Net sales totalled EUR 59.6 million for the period from January 1 to March 31, 2000, compared with EUR 46.8 million during the corresponding period the previous year. Other operating income totalled EUR 0.6 million (EUR 0.8 million). The share of net sales of the company’s three biggest customers, Ericsson, Nokia and Philips, was 63 %. Direct export from Finland totalled EUR 5.8 million (EUR 4.8 million) and offshore net sales totalled EUR 17.7 million (EUR 13.8 million).

Operating profit for the period totalled EUR 7.0 million or 11.8 % of net sales (EUR 4.6 million; 9.9 %).

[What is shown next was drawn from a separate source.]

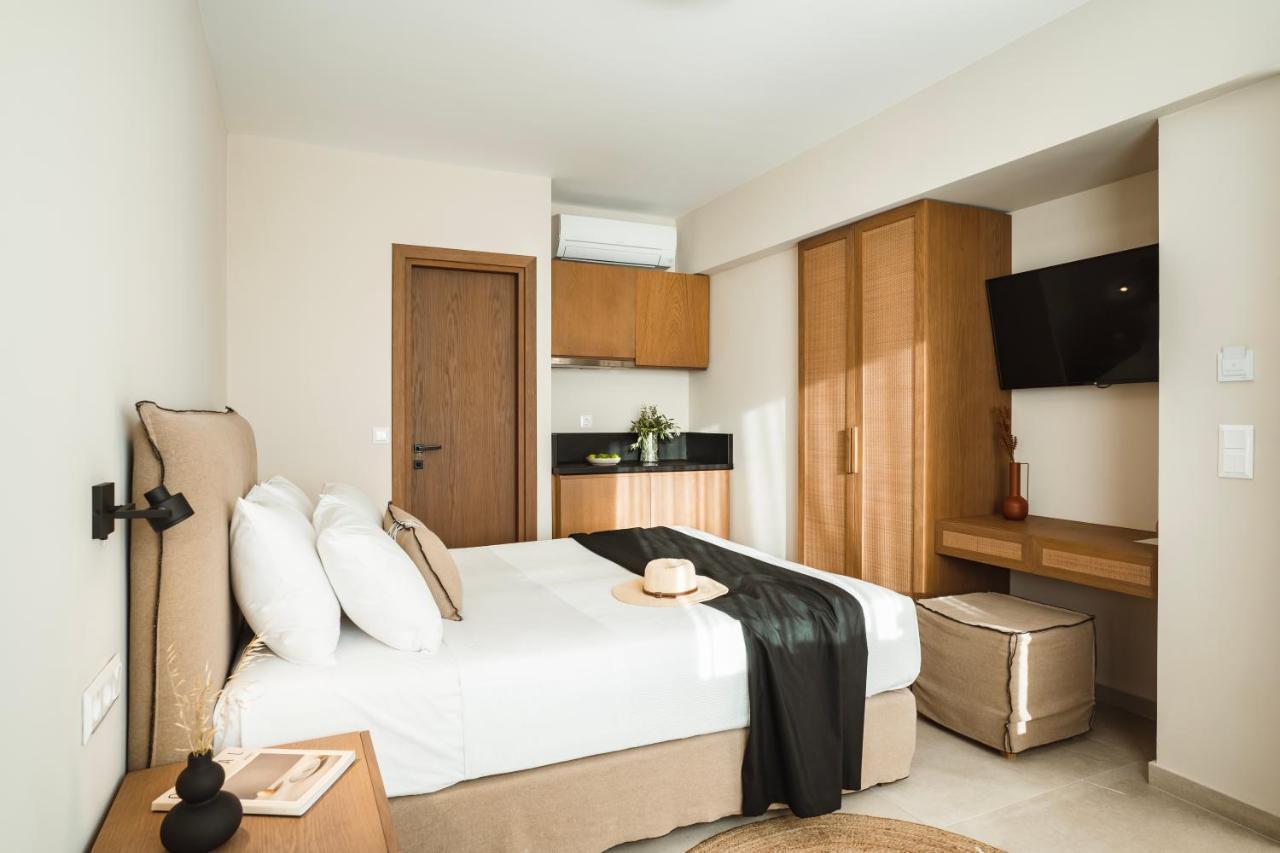 Elivia Boutique Suites Almiropótamosz Kültér fotó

Net financial costs totalled EUR 0.4 million (EUR 0.3 million).

Profit before extraordinary items and taxes was EUR 6.6 million (EUR 4.4 million). Profit before taxes was EUR 6.6 million (EUR 4.4 million) and net profit for the period was EUR 4.7 million (EUR 3.0 million). Earnings per share totalled EUR 0.53 (EUR 0.34).

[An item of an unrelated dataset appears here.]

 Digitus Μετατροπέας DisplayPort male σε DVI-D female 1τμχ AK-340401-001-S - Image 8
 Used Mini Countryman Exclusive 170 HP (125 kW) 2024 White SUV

The Group’s liquidity was satisfactory although major investments were carried out. Gross investments for the period totalled EUR 12.9 million (EUR 6.4 million) or 21.6 % of net sales (13.7 %). During the period, the company negotiated expanded short-term credit limits in order to secure liquidity. Net financial costs as a percentage of net sales totalled 0.6 % (0.6 %). The equity ratio decreased from the year end figure of 43.9 % to 39.8 % at the period end (44.4 %).


As of March 31 the company’s share capital totalled EUR 8,770,416 with a total 8,770,416 shares outstanding.

During the period extending from January 1 to March 31 a total of 897,877 shares with a value of EUR 52,529,433.31 were traded on the Helsinki Stock Exchange. The non-domestic share in the ownership of the stock was 14.8 %, as of the end of the period. The share price reached a high of EUR 74.50 and a low of EUR 30.50 between January 1 and March 31, 2000. The average price was EUR 58.50. The closing price on March 31, 2000 was EUR 62.00.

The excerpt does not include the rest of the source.